1. 通过采集不同时节（春季和秋季）土壤样本，分析不同类型茶园土壤肥力特性发现：春季枇杷-茶树间作茶园土壤pH值最低，秋季柑橘-茶树间作茶园土壤pH值最低，间作茶园土壤的pH值可能与所间作茶树的果树成熟期有关。果茶间作后，土壤养分含量得到了改善，春季间作茶园土壤铵态氮、全碳、全氮含量均显著高于单作茶园，除板栗-茶树间作茶园外，间作茶园土壤的全磷、速效磷含量均显著增高；秋季间作茶园土壤铵态氮含量均显著高于单作茶园，除板栗-茶树间作茶园外，间作茶园土壤的全磷、速效磷含量均显著提高。间作茶园土壤胞外酶活性在春、秋两季也得到不同程度的改善，春季枇杷-茶树间作茶园碳、氮、磷循环相关胞外酶活性均显著高于其它茶园，秋季柑橘-茶树间作茶园碳、氮、磷循环相关胞外酶活性均显著高于其它茶园，间作果树落果可能提高了土壤胞外酶活性。通过主成分分析发现，枇杷-茶树间作茶园土壤肥力最佳，柑橘-茶树间作茶园次之。

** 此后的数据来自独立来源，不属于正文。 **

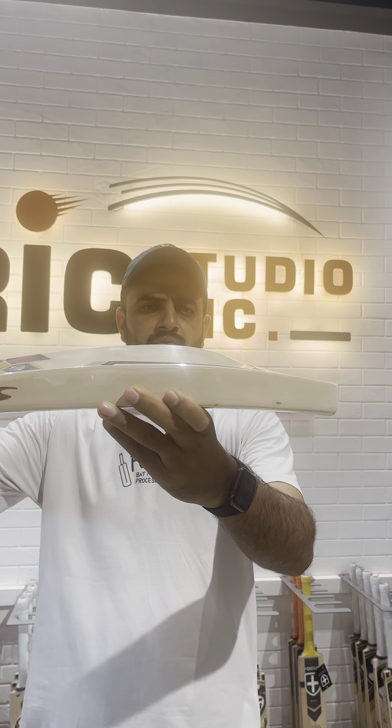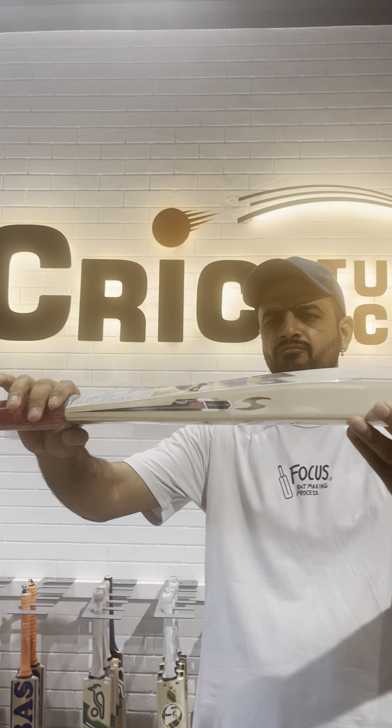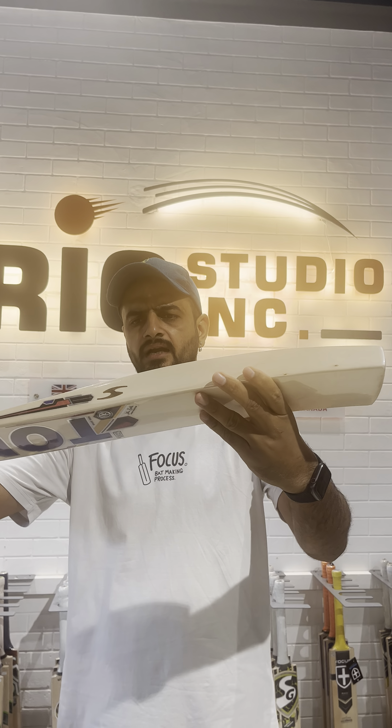Guys, today we have two very special bats in my hand and you can check the profile of both the bats. Check the profile — great! This is what we always look for, and the best part is this is not a much grainy bat but this is the actual performance player's bat. This bat weight is 1145 grams — just 1145 grams — and you know the pickup is much lighter than that.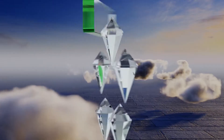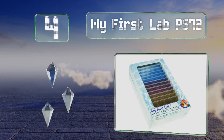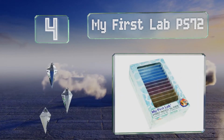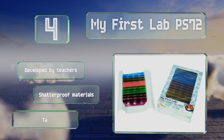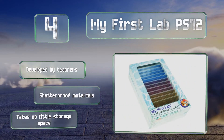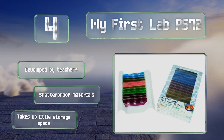At number four, the award-winning My First Lab PS72 consists of 24 colorful slides with three professionally mounted specimens on each. You get a wide range of items to examine such as salt, sawdust, pollen, hair, and mosquito larvae. This one was developed by teachers and is made with shadow-proof materials. It takes up little storage space.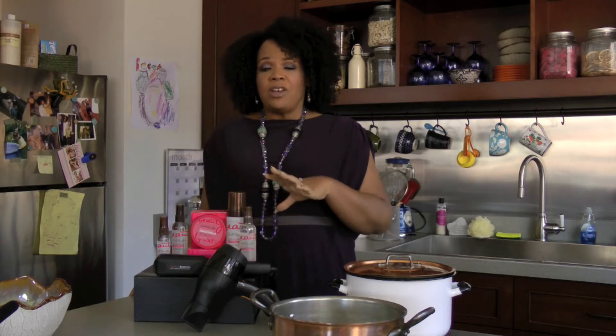The macadamia styling products help to protect your hair from heat. So if you're using curling irons, blow dryers, or flat irons to achieve your look, this helps you to protect your hair — from taming unruly edges to controlling frizz, we have everything that you need.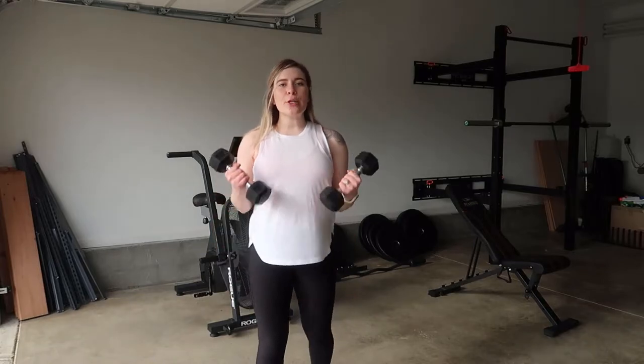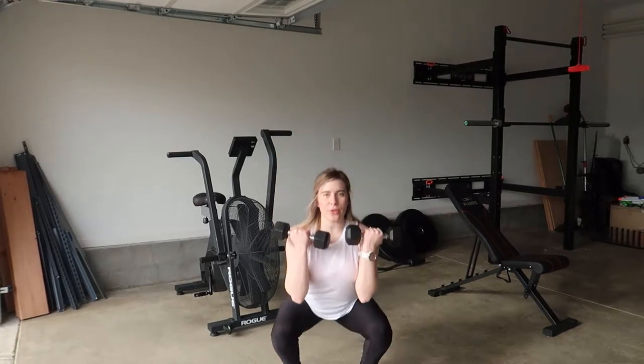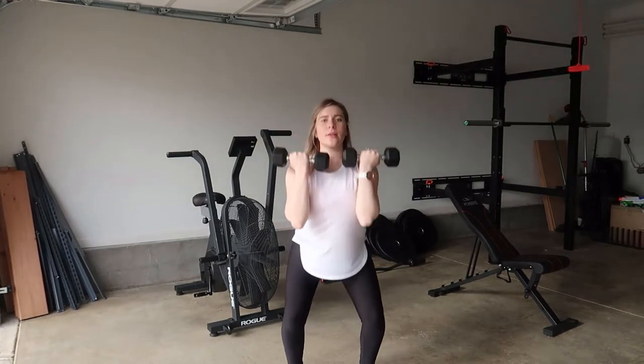Hi guys, welcome back to my YouTube channel. Today I'm going to be showing you how you can do the squat to press. So grab a set of dumbbells and let's get started. You want to come down to your squat and then you're going to come up and press. Squat and press.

2. 通过采集不同时节（春季和秋季）土壤样本，分析不同类型茶园土壤的团聚体分布特征及各粒级团聚体速效养分含量、胞外酶活性特征，发现果茶间作均改善了土壤团聚体分布特征，提高了土壤的稳定性，其中，枇杷、杨梅与茶树间作对茶园土壤结构的改善最为明显。同时，速效养分含量在各团聚体中分布存在一定规律性，如铵态氮、速效磷均在小团聚体中含量最高。此外，除秋季板栗-茶树间作茶园＜0.25 mm团聚体中碳循环相关酶活性较单作茶园没有显著差异外，果茶间作后，土壤中碳、氮、磷循环相关胞外酶的活性均在＜0.25 mm团聚体中高于单作茶园。
3. 通过采集不同时节（春季和秋季）茶叶样本，分析不同类型茶园的茶叶内含物质特征，发现果茶间作后能够增加春、秋季绿茶的适制性。果茶间作后，春季茶叶氨基酸含量均显著增高，儿茶素含量、酚氨比均显著降低，除杨梅-茶树间作茶园茶多酚含量提升外，其它三种间作茶园茶多酚含量均显著降低；秋季间作茶园茶叶基酸含量增加，酚氨比值降低。

  本论文研究结果表明，果茶间作可以不同程度的改善土壤物理、化学和生物学特征，提高茶叶的品质成分，促进茶园的可持续发展。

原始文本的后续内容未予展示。